WFMJ-FM was issued a construction permit in 1947, but the station did not go on the air until January 1950. Few people owned FM radios in those days and there was little prospect of the station becoming profitable. Only a few years later, WFMJ Broadcasting Company requested that the Federal Communications Commission (FCC) cancel the WFMJ-FM license, which occurred on January 5, 1954.

===WSOM-FM===
WSOM-FM, a new station in Salem, signed on the air on November 25, 1958. WSOM-FM was owned by Salem Broadcasting Company, which added an AM station in 1965, 600 WSOM (today WRQX). At first, the two stations simulcast. But by the late 1970s, the FM station had switched to a country music format.

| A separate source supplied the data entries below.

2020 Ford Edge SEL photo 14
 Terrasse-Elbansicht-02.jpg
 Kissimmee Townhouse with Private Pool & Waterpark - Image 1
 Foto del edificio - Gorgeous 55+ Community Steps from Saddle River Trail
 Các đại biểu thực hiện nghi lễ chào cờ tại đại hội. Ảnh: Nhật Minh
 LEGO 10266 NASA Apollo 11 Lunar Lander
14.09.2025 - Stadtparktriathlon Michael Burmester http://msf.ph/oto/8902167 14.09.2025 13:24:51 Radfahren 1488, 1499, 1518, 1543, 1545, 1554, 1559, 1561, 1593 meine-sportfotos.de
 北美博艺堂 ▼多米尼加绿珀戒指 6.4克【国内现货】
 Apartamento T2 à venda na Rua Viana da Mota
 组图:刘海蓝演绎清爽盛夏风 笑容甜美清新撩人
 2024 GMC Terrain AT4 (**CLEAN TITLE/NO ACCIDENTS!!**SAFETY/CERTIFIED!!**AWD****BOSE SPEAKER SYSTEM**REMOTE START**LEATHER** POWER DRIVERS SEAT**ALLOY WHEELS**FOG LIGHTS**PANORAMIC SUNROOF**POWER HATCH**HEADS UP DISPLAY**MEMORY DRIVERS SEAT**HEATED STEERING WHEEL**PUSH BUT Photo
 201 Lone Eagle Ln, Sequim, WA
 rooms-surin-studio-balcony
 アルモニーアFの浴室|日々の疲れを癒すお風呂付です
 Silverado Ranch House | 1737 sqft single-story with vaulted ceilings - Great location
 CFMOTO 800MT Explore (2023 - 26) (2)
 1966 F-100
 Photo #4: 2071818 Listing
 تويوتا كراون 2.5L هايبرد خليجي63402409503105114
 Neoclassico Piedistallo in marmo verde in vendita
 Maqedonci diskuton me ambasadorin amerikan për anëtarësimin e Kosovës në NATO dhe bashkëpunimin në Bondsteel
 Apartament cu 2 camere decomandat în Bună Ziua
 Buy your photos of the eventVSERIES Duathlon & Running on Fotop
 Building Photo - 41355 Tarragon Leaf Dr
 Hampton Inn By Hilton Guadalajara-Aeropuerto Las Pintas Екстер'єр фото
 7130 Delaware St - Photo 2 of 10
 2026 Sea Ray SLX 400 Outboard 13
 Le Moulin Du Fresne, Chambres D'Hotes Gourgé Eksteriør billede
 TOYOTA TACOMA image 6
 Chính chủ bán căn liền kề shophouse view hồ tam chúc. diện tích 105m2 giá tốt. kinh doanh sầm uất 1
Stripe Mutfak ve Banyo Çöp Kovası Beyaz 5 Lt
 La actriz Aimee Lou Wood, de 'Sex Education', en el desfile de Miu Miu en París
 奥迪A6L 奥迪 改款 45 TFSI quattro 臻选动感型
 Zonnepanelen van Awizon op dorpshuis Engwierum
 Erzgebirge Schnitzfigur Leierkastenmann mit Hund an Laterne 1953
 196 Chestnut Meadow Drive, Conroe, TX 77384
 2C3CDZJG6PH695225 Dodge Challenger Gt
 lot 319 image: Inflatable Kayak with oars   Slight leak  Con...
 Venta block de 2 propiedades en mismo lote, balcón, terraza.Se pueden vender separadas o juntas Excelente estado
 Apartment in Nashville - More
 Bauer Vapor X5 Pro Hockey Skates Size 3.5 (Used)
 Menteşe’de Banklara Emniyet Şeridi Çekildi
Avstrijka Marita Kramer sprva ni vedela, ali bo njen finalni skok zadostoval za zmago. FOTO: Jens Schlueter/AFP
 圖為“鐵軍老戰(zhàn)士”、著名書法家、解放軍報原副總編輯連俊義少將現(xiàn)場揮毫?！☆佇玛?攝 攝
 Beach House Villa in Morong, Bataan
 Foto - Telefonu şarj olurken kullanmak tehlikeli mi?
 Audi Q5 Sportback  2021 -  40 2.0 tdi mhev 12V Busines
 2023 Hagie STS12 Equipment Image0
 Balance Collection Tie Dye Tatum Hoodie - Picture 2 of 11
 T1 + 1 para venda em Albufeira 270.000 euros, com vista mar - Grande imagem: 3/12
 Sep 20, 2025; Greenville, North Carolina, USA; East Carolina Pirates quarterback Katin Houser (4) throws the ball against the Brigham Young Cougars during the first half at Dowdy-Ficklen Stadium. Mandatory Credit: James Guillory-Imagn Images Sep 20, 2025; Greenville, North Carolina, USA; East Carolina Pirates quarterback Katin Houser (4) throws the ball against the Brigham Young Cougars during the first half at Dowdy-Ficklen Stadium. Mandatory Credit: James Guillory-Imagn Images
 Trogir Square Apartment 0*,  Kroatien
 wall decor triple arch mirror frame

Rust Communications Group purchased WSOM-AM-FM on December 13, 1979. This was the first of many ownership changes that occurred over the next several years.

===WQXK===
To give it a separate identity, WSOM-FM's call sign was changed to WQXK in January 1980. Cumulus Media acquired WQXK and WSOM in 2000.

WQXK has been nominated numerous times for CMA Small Market Radio Station of the Year. WQXK took home the prestigious award in November 2004. K105 is also a participant in the "Country Cares for Kids St. Jude Radiothon." The station has raised over $3,000,000 since the partnership began in the early 1990s.

===Grandfathered power===
The station broadcasts 88,000 watts, which exceeds the FCC's current maximum power output of 50,000 watts. It is grandfathered at the higher power by virtue of its being in operation before the limit was introduced. The transmitter is located between Salem and Leetonia on State Route 344, just outside the Salem city limits. The most powerful station in the region, it covers not only Youngstown but also can be picked up in Akron, Canton, Cleveland, Erie, Pittsburgh, and Wheeling/Steubenville markets.

In part, due to the station's strong signal, WQXK is the highest-rated station in the Youngstown radio market, often attracting out-of-market listeners. K105's signal can be picked up clearly in over 20 counties in 3 states (Ohio, Pennsylvania, and West Virginia). It has occasionally reached the suburbs of Columbus, Ohio, under the right weather conditions.

Though, in Pittsburgh, it gets knocked out by translator W286CZ , licensed to Greensburg, Pennsylvania , also on 105.1.